*** RECORDS SUPPLIED Section Begins ***
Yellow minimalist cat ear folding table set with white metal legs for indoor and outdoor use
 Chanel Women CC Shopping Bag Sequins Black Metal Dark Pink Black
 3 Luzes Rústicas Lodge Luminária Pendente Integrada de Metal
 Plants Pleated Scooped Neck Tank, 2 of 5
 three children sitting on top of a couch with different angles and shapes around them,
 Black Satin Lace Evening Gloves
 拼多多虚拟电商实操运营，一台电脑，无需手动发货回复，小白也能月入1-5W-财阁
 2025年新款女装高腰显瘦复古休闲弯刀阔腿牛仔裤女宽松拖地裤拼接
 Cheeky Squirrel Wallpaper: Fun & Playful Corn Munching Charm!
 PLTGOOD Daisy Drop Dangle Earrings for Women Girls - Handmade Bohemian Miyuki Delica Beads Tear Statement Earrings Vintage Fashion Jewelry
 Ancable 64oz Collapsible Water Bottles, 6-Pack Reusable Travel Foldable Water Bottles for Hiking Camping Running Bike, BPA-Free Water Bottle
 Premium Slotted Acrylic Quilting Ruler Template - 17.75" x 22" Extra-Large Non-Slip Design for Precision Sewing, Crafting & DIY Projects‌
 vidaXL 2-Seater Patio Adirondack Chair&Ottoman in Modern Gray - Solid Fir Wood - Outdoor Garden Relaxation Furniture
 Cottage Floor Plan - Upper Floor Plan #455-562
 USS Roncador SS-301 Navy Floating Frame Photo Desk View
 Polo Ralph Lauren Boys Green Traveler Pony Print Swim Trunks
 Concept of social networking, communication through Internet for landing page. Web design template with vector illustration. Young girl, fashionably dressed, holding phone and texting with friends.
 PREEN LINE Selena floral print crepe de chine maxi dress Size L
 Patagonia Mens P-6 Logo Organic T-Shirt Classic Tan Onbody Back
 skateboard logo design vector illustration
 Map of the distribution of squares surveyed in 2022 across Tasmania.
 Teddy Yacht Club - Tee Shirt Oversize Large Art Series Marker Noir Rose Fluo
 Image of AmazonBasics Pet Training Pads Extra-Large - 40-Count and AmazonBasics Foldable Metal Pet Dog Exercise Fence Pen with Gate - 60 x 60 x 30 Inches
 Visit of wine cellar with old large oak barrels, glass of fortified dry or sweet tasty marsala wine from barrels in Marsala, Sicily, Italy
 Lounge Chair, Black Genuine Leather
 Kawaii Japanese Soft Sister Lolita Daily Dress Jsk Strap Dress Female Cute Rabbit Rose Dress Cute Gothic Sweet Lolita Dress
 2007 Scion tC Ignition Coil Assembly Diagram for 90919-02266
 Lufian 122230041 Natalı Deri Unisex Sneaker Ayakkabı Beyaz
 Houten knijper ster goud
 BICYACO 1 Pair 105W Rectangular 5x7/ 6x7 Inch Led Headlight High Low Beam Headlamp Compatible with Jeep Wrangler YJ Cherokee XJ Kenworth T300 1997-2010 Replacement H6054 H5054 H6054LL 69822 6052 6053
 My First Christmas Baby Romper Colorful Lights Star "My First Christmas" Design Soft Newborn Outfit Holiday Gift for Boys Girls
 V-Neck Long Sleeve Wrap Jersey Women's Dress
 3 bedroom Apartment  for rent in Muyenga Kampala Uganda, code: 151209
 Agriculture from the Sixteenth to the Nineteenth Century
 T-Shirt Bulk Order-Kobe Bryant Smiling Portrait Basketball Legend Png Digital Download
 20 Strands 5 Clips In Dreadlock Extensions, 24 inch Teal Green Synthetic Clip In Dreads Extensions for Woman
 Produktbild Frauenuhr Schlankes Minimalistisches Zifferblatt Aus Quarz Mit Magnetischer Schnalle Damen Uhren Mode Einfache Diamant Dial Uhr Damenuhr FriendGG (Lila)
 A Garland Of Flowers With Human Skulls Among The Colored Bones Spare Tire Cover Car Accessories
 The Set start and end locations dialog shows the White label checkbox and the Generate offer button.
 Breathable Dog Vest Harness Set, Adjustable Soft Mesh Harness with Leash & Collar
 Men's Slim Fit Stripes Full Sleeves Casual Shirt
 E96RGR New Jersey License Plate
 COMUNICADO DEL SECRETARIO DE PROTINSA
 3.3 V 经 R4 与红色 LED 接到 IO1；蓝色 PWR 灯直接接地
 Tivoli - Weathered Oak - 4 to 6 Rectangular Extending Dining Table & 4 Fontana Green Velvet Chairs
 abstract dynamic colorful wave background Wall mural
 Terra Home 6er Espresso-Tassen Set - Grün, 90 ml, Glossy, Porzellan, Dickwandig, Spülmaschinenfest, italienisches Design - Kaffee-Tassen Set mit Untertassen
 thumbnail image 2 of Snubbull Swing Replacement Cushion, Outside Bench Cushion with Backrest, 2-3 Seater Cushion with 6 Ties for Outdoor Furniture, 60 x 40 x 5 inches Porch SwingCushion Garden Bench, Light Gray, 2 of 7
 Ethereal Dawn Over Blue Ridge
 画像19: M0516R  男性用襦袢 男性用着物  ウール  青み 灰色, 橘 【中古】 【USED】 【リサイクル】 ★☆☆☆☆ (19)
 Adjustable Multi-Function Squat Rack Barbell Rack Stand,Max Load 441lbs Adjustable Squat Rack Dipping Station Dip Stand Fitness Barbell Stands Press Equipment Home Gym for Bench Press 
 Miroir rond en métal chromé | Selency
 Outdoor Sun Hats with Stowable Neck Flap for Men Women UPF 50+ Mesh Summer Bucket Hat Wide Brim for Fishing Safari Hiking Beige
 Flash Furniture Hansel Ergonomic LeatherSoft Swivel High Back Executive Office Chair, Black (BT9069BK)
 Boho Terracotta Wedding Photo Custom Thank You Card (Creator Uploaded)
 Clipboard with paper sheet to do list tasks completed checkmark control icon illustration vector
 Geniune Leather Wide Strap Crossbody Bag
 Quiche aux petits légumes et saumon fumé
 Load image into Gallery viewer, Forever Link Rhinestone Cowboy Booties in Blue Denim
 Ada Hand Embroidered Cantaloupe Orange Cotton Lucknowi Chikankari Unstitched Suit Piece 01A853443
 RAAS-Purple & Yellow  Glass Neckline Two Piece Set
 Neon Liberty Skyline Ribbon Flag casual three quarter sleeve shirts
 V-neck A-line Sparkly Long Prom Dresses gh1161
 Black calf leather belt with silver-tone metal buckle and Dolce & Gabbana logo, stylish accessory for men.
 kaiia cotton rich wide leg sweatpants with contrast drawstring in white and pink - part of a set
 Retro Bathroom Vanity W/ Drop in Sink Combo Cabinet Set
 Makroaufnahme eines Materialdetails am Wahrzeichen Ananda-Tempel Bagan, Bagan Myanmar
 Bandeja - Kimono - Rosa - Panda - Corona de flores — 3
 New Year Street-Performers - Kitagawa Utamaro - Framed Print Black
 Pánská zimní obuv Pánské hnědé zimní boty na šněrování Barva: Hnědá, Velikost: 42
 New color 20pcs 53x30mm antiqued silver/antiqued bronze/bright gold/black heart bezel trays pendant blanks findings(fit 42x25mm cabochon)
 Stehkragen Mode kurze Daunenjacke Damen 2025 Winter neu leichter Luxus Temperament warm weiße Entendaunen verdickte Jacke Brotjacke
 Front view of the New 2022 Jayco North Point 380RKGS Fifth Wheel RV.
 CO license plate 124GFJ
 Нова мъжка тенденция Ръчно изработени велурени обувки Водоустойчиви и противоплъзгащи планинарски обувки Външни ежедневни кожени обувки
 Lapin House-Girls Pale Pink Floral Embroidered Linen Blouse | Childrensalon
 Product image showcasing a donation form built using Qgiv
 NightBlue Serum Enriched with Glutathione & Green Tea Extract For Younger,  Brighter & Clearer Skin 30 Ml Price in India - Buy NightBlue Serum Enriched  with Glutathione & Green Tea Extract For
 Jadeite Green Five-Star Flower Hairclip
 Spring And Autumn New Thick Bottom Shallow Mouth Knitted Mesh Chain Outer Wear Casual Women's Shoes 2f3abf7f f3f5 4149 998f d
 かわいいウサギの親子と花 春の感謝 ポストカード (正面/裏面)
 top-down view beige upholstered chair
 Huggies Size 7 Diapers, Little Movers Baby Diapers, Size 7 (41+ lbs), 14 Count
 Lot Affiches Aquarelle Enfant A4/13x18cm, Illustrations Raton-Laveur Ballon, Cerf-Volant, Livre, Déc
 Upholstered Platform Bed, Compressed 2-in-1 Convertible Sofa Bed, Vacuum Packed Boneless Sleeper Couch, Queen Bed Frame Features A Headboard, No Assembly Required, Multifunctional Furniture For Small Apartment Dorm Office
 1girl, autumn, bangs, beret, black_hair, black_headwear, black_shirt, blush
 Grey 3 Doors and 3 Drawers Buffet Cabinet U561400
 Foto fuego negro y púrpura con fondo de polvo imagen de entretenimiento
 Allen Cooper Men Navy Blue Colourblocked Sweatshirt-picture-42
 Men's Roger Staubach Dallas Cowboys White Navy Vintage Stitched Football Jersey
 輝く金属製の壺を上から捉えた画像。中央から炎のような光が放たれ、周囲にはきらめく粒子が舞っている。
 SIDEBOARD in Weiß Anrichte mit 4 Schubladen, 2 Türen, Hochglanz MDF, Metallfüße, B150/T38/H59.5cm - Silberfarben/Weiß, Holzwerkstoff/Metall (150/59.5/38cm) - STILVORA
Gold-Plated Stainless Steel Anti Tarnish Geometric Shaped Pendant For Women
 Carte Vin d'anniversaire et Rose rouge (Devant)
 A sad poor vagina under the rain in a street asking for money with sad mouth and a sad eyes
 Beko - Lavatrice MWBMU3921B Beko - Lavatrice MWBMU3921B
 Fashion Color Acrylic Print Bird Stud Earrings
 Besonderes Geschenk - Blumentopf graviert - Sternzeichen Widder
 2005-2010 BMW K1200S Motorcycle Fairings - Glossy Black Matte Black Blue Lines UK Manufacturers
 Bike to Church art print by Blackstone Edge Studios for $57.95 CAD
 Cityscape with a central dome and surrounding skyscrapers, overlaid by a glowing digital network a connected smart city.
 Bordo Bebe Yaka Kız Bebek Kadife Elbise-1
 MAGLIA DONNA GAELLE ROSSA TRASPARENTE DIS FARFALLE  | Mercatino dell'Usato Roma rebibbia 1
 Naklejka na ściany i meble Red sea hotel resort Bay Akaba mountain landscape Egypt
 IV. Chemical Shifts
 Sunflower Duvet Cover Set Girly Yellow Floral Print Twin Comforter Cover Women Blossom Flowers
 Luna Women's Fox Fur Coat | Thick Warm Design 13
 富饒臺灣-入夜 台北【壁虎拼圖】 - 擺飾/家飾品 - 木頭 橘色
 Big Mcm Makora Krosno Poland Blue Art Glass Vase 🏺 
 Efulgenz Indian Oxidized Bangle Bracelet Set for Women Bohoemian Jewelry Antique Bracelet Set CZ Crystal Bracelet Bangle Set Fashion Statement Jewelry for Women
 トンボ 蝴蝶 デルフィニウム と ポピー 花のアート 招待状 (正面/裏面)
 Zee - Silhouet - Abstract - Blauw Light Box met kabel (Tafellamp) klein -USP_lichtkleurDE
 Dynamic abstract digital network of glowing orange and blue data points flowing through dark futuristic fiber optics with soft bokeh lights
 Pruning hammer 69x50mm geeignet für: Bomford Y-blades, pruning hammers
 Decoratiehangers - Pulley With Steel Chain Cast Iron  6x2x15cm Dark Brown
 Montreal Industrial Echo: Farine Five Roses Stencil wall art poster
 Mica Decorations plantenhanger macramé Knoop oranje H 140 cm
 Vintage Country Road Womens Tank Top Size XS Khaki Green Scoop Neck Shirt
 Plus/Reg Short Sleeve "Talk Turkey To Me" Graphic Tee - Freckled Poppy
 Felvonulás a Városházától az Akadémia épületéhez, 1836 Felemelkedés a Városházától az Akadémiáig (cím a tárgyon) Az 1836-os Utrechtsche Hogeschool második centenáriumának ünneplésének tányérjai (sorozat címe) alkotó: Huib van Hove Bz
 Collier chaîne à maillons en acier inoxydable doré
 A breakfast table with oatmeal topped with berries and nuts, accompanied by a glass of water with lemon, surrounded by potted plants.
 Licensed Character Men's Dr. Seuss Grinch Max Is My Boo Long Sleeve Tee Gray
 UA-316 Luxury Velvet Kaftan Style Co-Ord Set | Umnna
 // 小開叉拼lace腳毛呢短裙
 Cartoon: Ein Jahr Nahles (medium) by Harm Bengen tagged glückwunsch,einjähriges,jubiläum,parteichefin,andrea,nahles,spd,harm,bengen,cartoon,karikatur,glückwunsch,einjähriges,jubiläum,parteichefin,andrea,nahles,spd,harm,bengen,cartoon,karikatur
*** RECORDS SUPPLIED Section Ends ***
WHAT YOU NEED TO DO
Return, please, the lines of the data from the first through the line containing "Teddy Yacht Club", both kept, exactly as they stand and nothing more.

EXERCISE RESULT
Yellow minimalist cat ear folding table set with white metal legs for indoor and outdoor use
 Chanel Women CC Shopping Bag Sequins Black Metal Dark Pink Black
 3 Luzes Rústicas Lodge Luminária Pendente Integrada de Metal
 Plants Pleated Scooped Neck Tank, 2 of 5
 three children sitting on top of a couch with different angles and shapes around them,
 Black Satin Lace Evening Gloves
 拼多多虚拟电商实操运营，一台电脑，无需手动发货回复，小白也能月入1-5W-财阁
 2025年新款女装高腰显瘦复古休闲弯刀阔腿牛仔裤女宽松拖地裤拼接
 Cheeky Squirrel Wallpaper: Fun & Playful Corn Munching Charm!
 PLTGOOD Daisy Drop Dangle Earrings for Women Girls - Handmade Bohemian Miyuki Delica Beads Tear Statement Earrings Vintage Fashion Jewelry
 Ancable 64oz Collapsible Water Bottles, 6-Pack Reusable Travel Foldable Water Bottles for Hiking Camping Running Bike, BPA-Free Water Bottle
 Premium Slotted Acrylic Quilting Ruler Template - 17.75" x 22" Extra-Large Non-Slip Design for Precision Sewing, Crafting & DIY Projects‌
 vidaXL 2-Seater Patio Adirondack Chair&Ottoman in Modern Gray - Solid Fir Wood - Outdoor Garden Relaxation Furniture
 Cottage Floor Plan - Upper Floor Plan #455-562
 USS Roncador SS-301 Navy Floating Frame Photo Desk View
 Polo Ralph Lauren Boys Green Traveler Pony Print Swim Trunks
 Concept of social networking, communication through Internet for landing page. Web design template with vector illustration. Young girl, fashionably dressed, holding phone and texting with friends.
 PREEN LINE Selena floral print crepe de chine maxi dress Size L
 Patagonia Mens P-6 Logo Organic T-Shirt Classic Tan Onbody Back
 skateboard logo design vector illustration
 Map of the distribution of squares surveyed in 2022 across Tasmania.
 Teddy Yacht Club - Tee Shirt Oversize Large Art Series Marker Noir Rose Fluo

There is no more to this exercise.